宋挽栀方才一见到男人,便觉得眼熟。
七月前,一场江湖劫持,让宋挽栀以为就此丧命在这条投奔之路上,那夜烟雨飘摇,天色暗蓝,宋挽栀如一只任人宰割的金丝雀。
别人稍稍抹一下刀子,她就彻底归西。
“长的如此漂亮,不如去给我们帮主当夫人,只要你愿意,往后帮派上下都尊你敬你,若是不愿意……”

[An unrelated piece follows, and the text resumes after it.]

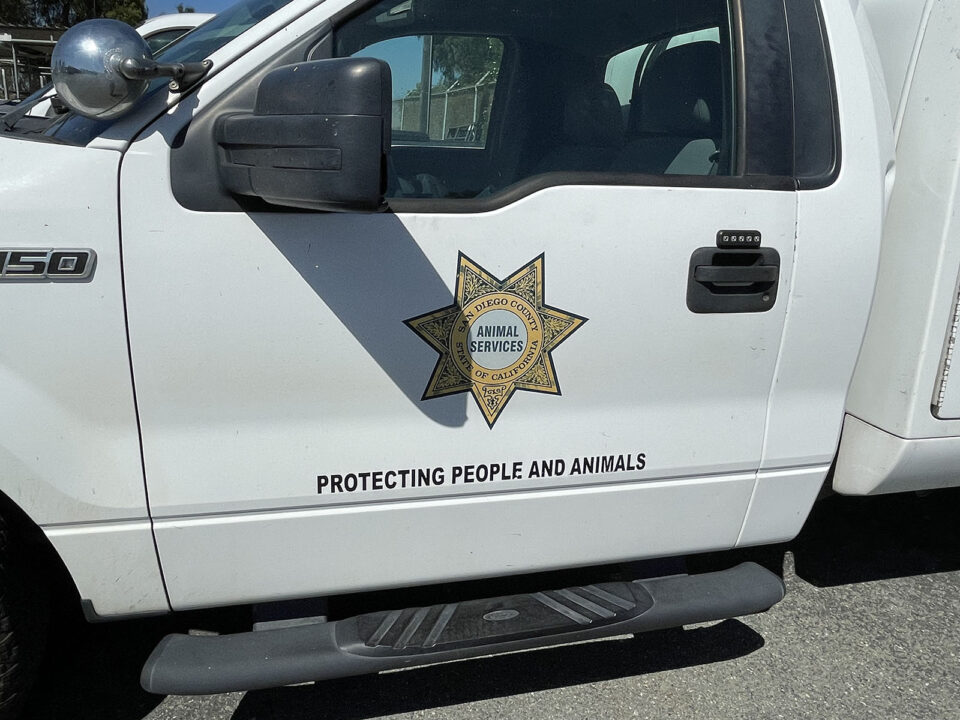 Animal Services truck door with logo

这时宋挽栀才知道,自己是被江湖帮派的掌门人给看上了。
可自古为官者不与江湖事,若被传与恶势力勾结,怕是朝廷追究下来也自身难保。
父亲官至一品,她就是再想活命,也不能与江湖帮派扯上关系。
思虑良久,宋挽栀闭上眼睛,彻底认命。
“杀了我吧。”
话音清脆,却带着万分的坚定。
持剑之人一愣,实在未想她一小小弱女子,竟连死都不怕。
原先也不过是看路上遇见个美娇娘,想献给老大玩弄,此刻看起来,还不如自己享受了再将人了结。
男人冷哼一笑,紧接着就把宋挽栀往破烂寺庙里带。
宋挽栀察觉到不妙,似乎窥探出男人的想法,顿时开始猛然挣扎,“求求你给我个痛快,不若,我必将痛报此仇。”
“报仇?”
“连长剑都拿不稳,你如何报仇,还不如乖乖让小爷我快活一下,快活之后,立马给你个痛快,之后,你就上天上报仇去吧。”
“哈哈哈哈。”
宋挽栀从未觉得如此羞愤,可这人说的对,她连长剑都拿不稳。
寺庙破败,斜风细雨吹进来让人清醒的不能再清醒。
宋挽栀屡次想撞墙而死,却被男人牢牢抓住,“不急,一会先送你去极乐之地,再送你去西天。”
宋挽栀早已哭干了泪水,嘴巴里却还是不停喊着救命。
直到看见男人脱光了长裤,忽然一股恶心之感猛然袭来,就快要晕过去,昏厥之间,宋挽栀嘴巴麻木地念着。
“到底谁能来救救我?”
男人肮脏的手已经触碰到她手臂,猥琐的笑声和喘息就贴在宋挽栀耳边,她如死鱼一般紧绷着身体。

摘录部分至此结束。